Spot gold opened steady this morning at $1,095/oz as yesterday's spillover from the plunge in Chinese equities looks to be contained today; although Shanghai lost another 1.7% overnight, stock indices in Europe and the U.S. pointed higher this morning. The precious metals also looked to bounce back: silver was 0.4% higher at $14.70/oz, and palladium (which has had an odd affinity with silver over the last month or so) gained $4 (0.65%) to $620/oz. Platinum, which has tracked lower with gold recently, was $4 lower at $982/oz.
Yesterday in the Markets
The metals opened slightly in the red yesterday before moving closer to unchanged by the closing bell. Stock indices in the U.S. traded nearly 1% lower throughout the day, while 10-year Treasuries saw demand, dropping yields as low as 2.21% before easing back on Tuesday.
Factors Affecting Gold Today
We may see some higher volumes in precious metal trading today, as today is the monthly gold options expiry. The news media is still relentlessly attacking gold, revealing how badly some of the pundits need a refresher in how gold functions; all of the ways in which gold is a unique asset are actually what make it an attractive hedge and a store of value, but the talking heads in finance can insist all they want that it has no yield aside from price appreciation, which is true. But people who are holding gold for more than speculative purposes didn't buy the metal because they needed a quarterly dividend. Watch as somesuch pundit from Bloomberg questions if there any reasons left to own gold [VIDEO].

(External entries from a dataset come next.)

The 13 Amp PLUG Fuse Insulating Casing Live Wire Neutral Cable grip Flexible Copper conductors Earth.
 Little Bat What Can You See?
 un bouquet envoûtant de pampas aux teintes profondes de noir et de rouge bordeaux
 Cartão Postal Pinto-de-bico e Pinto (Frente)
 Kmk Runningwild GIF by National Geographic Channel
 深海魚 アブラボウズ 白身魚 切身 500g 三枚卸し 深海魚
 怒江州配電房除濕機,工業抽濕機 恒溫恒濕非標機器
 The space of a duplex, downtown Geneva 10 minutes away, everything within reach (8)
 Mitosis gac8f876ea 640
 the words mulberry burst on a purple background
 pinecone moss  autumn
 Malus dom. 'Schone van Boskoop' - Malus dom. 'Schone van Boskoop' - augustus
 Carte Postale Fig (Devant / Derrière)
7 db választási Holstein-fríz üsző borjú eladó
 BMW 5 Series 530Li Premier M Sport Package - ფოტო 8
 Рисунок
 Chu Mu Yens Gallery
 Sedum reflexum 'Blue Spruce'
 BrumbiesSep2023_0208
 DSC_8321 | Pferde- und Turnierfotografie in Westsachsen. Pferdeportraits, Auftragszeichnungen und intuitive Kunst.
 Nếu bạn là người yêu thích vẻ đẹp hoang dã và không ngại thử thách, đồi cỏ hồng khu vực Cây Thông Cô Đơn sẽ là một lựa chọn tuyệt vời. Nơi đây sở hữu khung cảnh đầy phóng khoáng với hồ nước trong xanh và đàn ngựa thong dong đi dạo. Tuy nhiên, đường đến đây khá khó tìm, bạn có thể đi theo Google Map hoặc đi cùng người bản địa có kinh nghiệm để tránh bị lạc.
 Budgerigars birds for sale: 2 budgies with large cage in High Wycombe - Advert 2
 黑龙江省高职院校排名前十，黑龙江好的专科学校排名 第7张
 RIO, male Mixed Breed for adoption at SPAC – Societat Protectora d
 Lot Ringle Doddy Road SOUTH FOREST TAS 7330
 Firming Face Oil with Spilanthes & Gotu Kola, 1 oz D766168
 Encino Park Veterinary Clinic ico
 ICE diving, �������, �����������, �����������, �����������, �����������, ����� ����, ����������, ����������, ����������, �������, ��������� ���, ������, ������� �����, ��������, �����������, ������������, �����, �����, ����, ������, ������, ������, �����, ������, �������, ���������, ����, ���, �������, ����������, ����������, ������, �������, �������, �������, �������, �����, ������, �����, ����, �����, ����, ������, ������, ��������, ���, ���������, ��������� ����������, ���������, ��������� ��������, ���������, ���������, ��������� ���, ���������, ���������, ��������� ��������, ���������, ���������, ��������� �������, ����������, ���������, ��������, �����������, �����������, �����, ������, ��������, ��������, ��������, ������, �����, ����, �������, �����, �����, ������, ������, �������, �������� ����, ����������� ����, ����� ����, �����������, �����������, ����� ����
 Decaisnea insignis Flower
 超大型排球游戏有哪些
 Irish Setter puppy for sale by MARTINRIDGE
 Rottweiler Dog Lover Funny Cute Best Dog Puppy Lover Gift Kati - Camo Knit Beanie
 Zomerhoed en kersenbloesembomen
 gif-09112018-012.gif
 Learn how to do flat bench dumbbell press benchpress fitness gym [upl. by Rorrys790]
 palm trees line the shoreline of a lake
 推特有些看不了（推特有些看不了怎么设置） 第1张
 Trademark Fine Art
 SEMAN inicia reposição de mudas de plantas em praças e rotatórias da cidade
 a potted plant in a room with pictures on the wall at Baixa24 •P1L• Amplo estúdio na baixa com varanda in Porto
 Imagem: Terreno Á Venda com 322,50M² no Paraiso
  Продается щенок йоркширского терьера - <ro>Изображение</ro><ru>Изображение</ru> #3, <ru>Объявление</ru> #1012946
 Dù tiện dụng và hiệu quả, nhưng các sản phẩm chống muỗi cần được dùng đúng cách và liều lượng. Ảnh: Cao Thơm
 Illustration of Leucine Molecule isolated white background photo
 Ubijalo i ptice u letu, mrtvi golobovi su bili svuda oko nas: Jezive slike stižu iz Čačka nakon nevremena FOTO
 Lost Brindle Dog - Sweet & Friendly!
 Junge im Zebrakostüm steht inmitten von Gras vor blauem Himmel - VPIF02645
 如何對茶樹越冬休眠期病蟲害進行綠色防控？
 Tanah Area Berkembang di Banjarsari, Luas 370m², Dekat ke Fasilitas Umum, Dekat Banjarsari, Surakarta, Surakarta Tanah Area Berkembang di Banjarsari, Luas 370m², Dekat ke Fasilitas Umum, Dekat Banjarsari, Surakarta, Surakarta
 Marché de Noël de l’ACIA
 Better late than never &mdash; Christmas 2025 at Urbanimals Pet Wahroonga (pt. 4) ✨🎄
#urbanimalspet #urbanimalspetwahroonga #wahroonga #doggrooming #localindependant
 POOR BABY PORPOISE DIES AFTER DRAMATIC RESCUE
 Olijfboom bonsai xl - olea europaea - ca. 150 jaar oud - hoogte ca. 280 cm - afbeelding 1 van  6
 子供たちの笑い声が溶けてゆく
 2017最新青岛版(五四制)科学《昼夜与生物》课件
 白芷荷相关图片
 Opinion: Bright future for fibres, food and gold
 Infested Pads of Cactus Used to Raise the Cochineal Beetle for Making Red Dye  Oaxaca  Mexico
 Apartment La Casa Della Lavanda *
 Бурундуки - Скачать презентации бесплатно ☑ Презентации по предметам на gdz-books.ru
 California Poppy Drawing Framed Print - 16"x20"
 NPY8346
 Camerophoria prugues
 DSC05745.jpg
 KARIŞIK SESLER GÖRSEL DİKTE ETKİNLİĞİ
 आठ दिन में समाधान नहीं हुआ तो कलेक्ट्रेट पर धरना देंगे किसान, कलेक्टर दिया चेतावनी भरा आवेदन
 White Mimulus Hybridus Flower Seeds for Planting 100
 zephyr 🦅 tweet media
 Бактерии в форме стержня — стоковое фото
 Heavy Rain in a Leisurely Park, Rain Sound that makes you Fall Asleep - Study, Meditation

As stocks look to gain today, it's encouraging that the precious metals opened this morning steady, because most of the reliable indicators for where gold is headed—like the strength of the dollar and commodities prices—are still pointing toward continued weakness: the dollar rose 0.4% on the DXY index this morning to 96.9, while crude prices remain low, with WTI slightly higher at $47.43/bbl and Brent crude nearly 1% off, just below $53/bbl. While it's true that a sharp rally is unlikely for the metals in the near-term, it should also be noted that when the news media is touting the death of gold, or gold investors' ultimate capitulation, then you can be almost certain that the bottom is in, if only for the wave of value buying and contrarian sentiment such a declaration generates.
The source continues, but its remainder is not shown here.